:: Your objective ::
The required output is the exact run of lines below that opens at the line with "Kit di riparazione per orologi" and closes at the line with "Anggota Wantimpres Dato".
┌──
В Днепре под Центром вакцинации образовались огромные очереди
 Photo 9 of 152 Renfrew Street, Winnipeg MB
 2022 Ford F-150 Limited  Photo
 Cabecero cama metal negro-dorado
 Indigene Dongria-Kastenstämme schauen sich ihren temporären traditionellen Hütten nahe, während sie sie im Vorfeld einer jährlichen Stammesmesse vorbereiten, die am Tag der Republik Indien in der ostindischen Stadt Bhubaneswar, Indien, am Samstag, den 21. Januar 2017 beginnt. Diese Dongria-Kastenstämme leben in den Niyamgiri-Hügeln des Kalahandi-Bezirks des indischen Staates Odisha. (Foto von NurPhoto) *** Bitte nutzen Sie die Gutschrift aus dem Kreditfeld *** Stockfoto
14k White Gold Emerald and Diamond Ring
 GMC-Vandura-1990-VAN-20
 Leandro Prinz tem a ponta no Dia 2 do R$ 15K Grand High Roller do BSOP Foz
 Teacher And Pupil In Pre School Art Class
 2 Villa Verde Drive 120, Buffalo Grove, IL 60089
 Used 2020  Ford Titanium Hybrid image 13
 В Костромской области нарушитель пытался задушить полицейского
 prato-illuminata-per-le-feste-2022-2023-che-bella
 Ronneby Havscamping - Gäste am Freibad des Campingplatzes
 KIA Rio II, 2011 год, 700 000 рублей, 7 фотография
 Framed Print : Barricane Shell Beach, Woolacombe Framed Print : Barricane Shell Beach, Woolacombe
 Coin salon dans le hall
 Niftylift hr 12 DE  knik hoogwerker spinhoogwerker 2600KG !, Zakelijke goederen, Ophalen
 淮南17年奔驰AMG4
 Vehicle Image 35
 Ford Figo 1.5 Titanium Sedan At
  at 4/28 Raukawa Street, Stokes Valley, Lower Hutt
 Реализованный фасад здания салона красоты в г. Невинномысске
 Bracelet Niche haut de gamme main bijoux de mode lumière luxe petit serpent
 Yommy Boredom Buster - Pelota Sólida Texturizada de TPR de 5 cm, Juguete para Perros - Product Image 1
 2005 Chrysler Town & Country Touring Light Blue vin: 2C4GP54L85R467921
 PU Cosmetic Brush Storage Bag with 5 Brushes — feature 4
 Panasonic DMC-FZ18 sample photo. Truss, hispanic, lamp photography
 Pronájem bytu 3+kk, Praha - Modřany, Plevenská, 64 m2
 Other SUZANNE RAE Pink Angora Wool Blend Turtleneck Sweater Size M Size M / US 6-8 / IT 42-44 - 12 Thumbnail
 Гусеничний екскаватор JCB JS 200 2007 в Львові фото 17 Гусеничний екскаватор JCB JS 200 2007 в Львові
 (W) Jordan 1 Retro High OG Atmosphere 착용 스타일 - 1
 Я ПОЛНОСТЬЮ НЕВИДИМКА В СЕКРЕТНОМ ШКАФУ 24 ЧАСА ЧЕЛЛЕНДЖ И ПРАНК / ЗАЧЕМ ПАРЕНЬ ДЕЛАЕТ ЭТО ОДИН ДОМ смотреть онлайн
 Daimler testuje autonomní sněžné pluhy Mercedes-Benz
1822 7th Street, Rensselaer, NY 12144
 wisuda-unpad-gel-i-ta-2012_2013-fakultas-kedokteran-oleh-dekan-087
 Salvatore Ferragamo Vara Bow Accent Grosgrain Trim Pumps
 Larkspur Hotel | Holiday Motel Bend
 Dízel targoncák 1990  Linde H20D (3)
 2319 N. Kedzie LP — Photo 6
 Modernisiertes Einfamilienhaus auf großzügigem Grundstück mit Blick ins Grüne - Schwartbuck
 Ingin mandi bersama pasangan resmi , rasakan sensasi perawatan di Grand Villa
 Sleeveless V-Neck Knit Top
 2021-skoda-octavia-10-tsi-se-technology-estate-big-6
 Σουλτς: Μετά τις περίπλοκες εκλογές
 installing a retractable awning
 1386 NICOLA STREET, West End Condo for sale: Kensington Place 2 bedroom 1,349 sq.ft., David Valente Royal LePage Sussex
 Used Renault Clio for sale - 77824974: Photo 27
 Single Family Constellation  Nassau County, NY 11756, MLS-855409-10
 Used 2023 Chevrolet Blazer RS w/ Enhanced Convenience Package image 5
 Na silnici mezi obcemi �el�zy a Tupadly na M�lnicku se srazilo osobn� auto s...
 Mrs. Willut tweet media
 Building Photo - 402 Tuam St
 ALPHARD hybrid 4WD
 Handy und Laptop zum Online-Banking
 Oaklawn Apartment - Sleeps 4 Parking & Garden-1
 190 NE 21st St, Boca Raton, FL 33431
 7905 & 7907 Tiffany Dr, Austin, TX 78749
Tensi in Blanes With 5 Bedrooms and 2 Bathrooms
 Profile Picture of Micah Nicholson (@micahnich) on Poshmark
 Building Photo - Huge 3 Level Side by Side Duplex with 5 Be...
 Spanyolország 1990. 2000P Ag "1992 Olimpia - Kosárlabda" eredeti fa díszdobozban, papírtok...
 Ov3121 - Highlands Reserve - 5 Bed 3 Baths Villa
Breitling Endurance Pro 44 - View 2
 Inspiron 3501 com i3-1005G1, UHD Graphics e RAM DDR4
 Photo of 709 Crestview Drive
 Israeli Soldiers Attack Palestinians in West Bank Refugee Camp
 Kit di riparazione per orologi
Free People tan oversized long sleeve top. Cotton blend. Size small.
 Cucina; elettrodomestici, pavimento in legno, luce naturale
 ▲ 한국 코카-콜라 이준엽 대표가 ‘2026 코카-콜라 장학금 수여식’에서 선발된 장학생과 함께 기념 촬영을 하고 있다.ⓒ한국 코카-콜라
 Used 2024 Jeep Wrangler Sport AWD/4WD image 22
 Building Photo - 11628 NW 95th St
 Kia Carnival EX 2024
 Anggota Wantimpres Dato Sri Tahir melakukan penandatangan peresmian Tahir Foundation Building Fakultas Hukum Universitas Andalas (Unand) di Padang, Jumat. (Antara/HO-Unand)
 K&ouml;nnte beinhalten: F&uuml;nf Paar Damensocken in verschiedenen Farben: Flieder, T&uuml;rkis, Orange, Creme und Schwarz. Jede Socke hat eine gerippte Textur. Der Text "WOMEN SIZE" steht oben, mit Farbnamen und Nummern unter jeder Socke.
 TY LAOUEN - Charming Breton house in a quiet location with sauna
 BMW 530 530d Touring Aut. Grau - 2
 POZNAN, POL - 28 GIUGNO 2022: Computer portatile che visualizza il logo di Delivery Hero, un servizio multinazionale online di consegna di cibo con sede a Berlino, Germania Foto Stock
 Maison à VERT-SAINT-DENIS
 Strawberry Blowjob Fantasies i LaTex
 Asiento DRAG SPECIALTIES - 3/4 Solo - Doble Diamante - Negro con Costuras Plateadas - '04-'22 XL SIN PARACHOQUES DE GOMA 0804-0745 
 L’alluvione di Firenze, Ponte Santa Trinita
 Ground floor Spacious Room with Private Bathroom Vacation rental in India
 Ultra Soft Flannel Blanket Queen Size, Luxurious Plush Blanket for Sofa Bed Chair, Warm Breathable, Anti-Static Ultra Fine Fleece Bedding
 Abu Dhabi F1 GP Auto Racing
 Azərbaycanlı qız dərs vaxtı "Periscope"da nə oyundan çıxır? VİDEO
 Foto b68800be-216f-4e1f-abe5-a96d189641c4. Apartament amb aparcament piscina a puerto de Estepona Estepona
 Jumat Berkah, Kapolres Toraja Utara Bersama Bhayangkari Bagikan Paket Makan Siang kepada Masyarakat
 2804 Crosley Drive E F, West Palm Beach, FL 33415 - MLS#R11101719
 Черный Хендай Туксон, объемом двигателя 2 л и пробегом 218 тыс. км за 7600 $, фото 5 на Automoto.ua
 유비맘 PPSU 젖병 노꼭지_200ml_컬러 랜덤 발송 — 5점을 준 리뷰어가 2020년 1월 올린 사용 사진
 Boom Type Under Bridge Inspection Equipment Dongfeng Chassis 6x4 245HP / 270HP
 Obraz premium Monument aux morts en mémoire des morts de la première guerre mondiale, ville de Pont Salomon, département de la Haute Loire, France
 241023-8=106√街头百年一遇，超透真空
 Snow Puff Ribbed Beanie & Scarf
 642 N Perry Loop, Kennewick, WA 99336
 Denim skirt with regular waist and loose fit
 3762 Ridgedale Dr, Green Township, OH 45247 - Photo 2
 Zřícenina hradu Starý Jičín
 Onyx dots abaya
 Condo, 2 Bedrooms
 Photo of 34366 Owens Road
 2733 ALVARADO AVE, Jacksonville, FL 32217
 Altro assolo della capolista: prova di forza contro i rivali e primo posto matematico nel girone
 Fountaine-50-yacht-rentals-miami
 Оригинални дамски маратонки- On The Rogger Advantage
└──
:: Task response ::
 Kit di riparazione per orologi
Free People tan oversized long sleeve top. Cotton blend. Size small.
 Cucina; elettrodomestici, pavimento in legno, luce naturale
 ▲ 한국 코카-콜라 이준엽 대표가 ‘2026 코카-콜라 장학금 수여식’에서 선발된 장학생과 함께 기념 촬영을 하고 있다.ⓒ한국 코카-콜라
 Used 2024 Jeep Wrangler Sport AWD/4WD image 22
 Building Photo - 11628 NW 95th St
 Kia Carnival EX 2024
 Anggota Wantimpres Dato Sri Tahir melakukan penandatangan peresmian Tahir Foundation Building Fakultas Hukum Universitas Andalas (Unand) di Padang, Jumat. (Antara/HO-Unand)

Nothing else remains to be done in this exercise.